WHAT YOU WILL DO:
Print the listing below only from the line that has "Σπίτι διακοπών Casa" through the line that has "holybabydoll online show from 11.26.25", exactly, and drop any picture.

RECORDS TO PROCESS:
-----

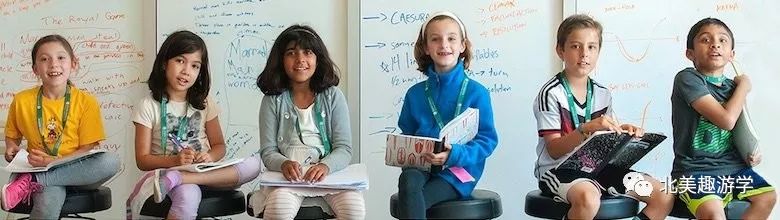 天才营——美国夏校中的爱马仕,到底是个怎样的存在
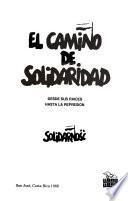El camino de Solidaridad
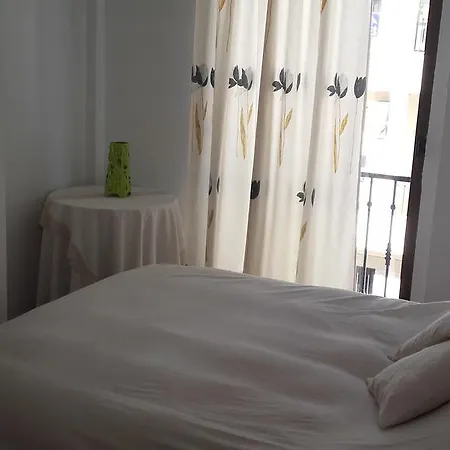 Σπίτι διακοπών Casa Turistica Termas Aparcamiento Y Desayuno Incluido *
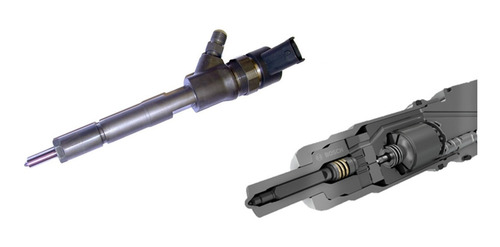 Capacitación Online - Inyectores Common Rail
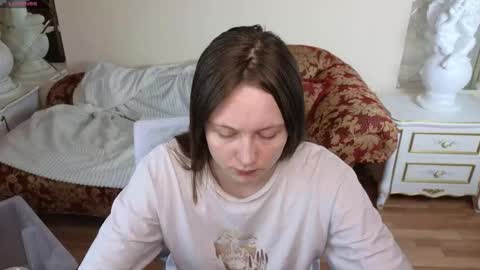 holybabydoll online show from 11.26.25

-----

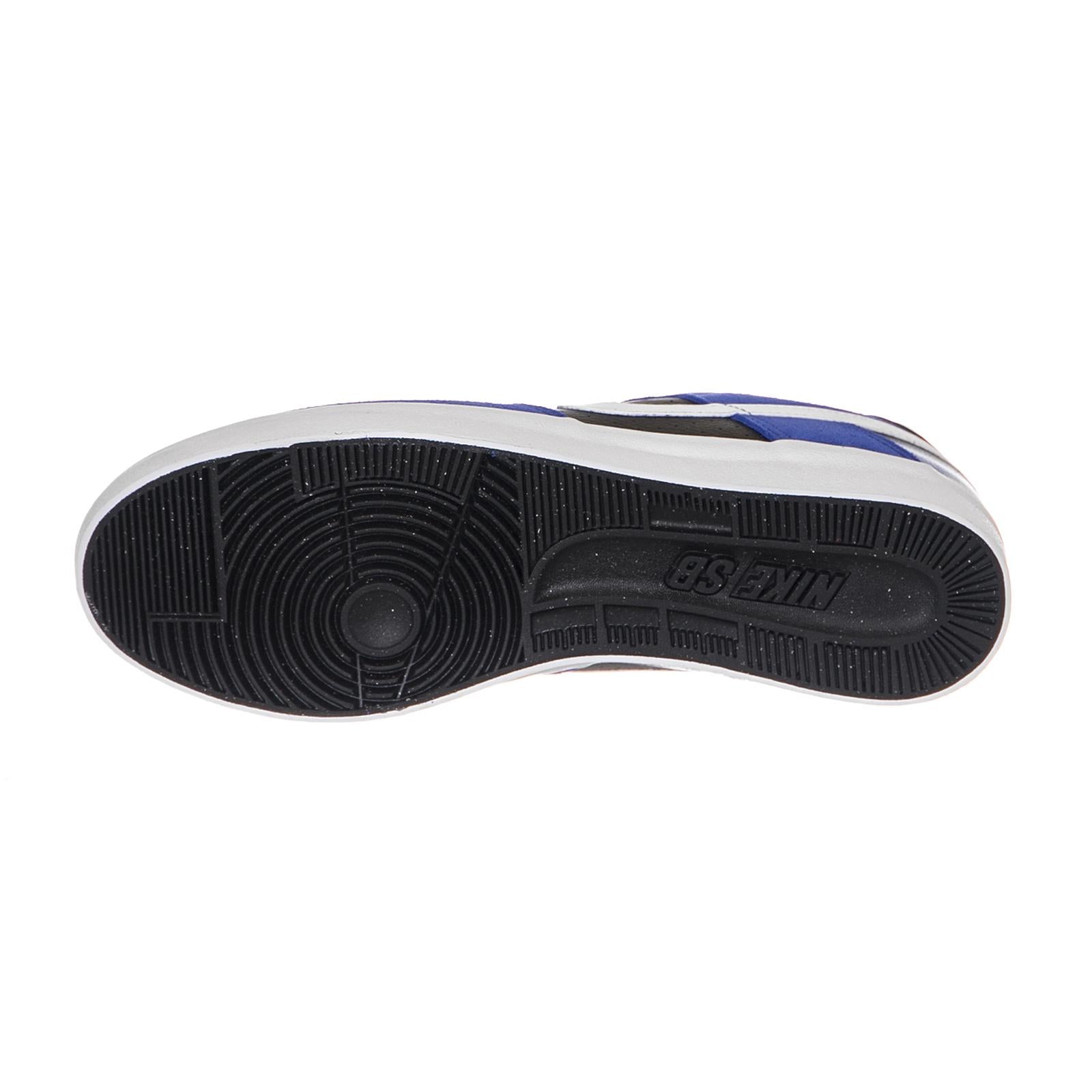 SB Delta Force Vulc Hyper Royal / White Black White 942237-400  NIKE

-----

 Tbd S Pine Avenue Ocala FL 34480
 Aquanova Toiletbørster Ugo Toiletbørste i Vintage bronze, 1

-----

ANSWER TO THIS EXERCISE:
 Σπίτι διακοπών Casa Turistica Termas Aparcamiento Y Desayuno Incluido *
 Capacitación Online - Inyectores Common Rail
 holybabydoll online show from 11.26.25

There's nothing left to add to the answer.